Print

Print


On Apr 26, 2017, at 9:19 AM, Mike Horwath <[log in to unmask]> wrote:
> 
> On Wed, Apr 26, 2017 at 08:07:45AM -0500, Andrew Hoyos wrote:
>> I would suggest that perhaps we look into filtering BGP (tcp/179)
>> with an ACL prior to maintenance start on those specific ports being
>> moved.  Many other IXs are doing this for maintenance as a way to
>> gracefully take things down, and let bilateral and RS sessions time
>> out without killing active traffic. As we've noticed, not all
>> members being moved are bothering to shut down sessions prior, which
>> causes impact to/from those members.  (i.e.:
>> https://ripe67.ripe.net/presentations/374-WH-IXPMaintReduce.pdf)
> 
> Don't even need ACLs.
> 
> Just take down the route servers for the 2 hour period.
> 
> Bilateral are unaffected and they can arrange things anyway with their
> peers.

I’d disagree. The maintenance currently taking place affects more than just the route servers. Plenty of people are doing bi-lateral peering on MICE, and that *IS* affected by maintenance events like these.

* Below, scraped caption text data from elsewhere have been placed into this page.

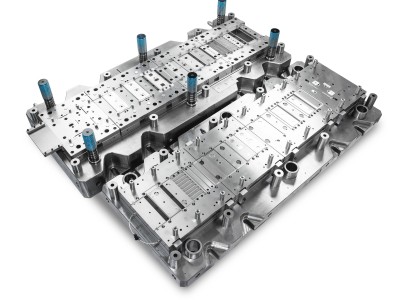 新能源燃料电池模具加工选厂指南：精度、技术、服务缺一不可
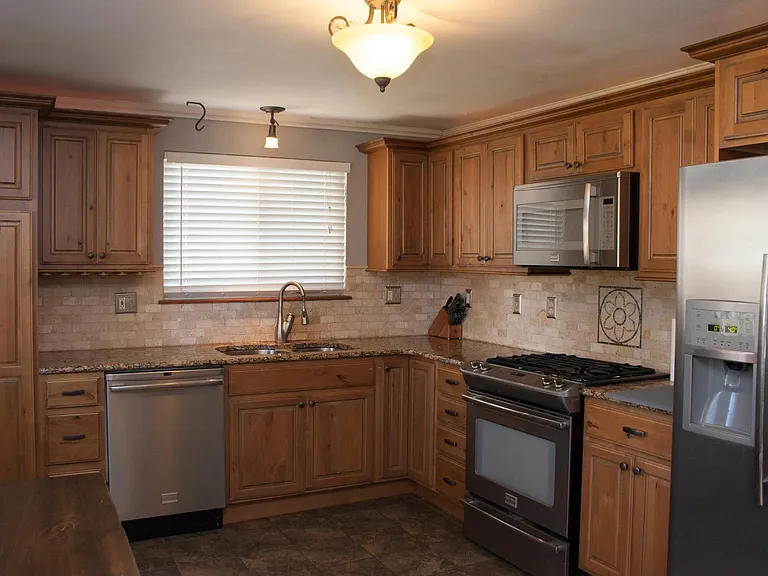 2618 W Bijou St — Photo 9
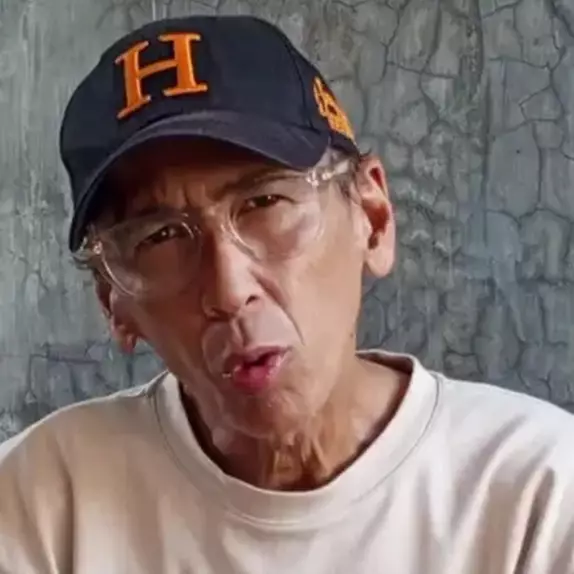 7 Potret Raymond Manthey mantan suami Yuni Shara, dulu anak konglomerat kini cari loker jadi supir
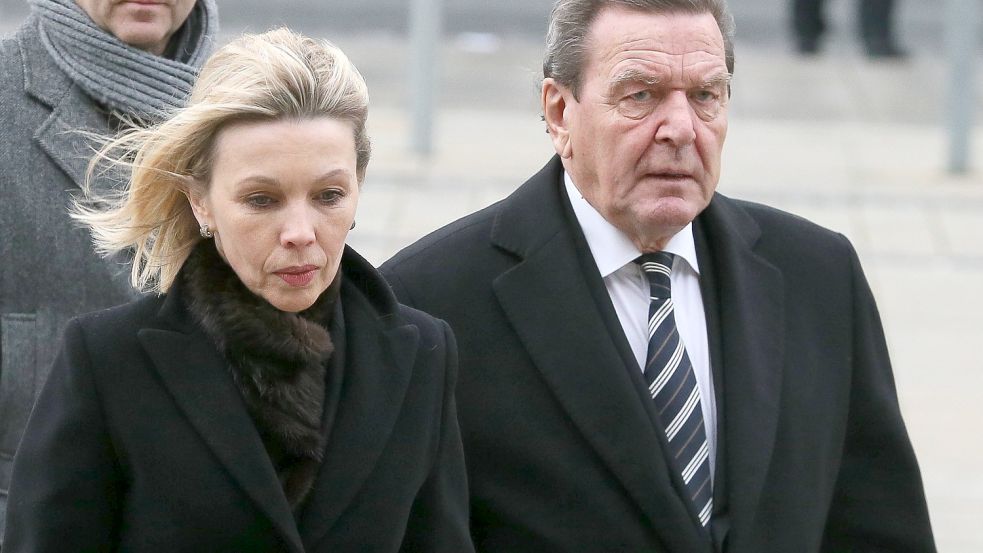 Elf Jahre waren Gerhard Schröder und Doris Schröder-Köpf verheiratet. Nun liegen sie im Streit. Foto: imago images/localpic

Adding an ACL to the port ensures graceful shutdown/end of traffic, rather than an abrupt drop and hold timer fun.
I’d much rather that someone running the maintenance and in control of the ultimate link up/down events be the one deciding when things are starting/ending and re-enabling traffic gracefully.

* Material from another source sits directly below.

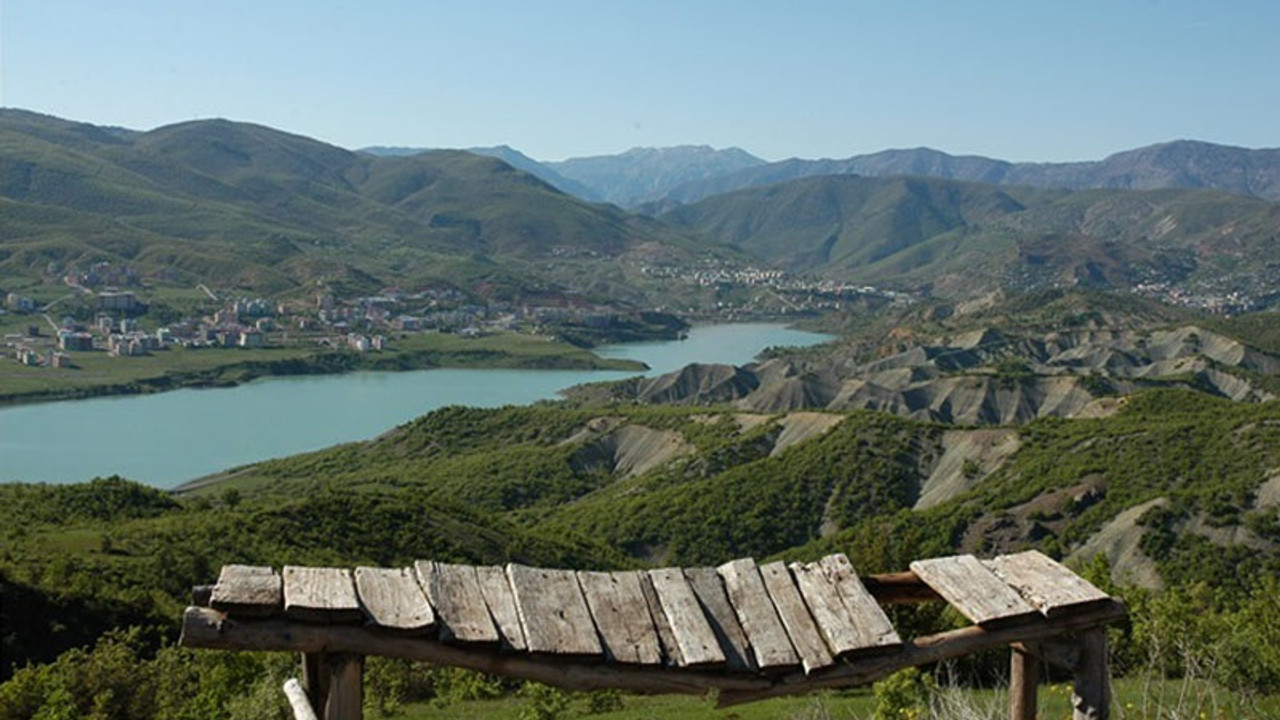 Dersim'de baraj gölüne akar yakıt deşarj edildi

> Adding another step to the process creates more complications as well,
> and another point of failure if you screw up along the way.

Disagree, adding an ACL to a port is pretty trivial. Add (pre-existing) ACL to port 10 minutes before maintenance starts. Remove when complete. 
Script up into copy/paste thing with port numbers for bonus points and less changes of failure.

> Clean shutdown of bird is easier, quicker, and will for sure make the
> multilateral peering not be further affected by bouncing repeatedly.

Yes, great for MLPA, but not for bilateral. 

Lastly, In this *specific* case, this presents issues with other members ports who are *NOT* affected by the maintenance and a loss of traffic for them if they are doing MLPA. Why break everyone and cause a total route server outage, when it’s not necessary at all? Yesterday’s maintenance only affected a portion of members. ACL’s on member ports would be the cleanest way to minimize outage duration for all members with the least impact to the IX as a whole.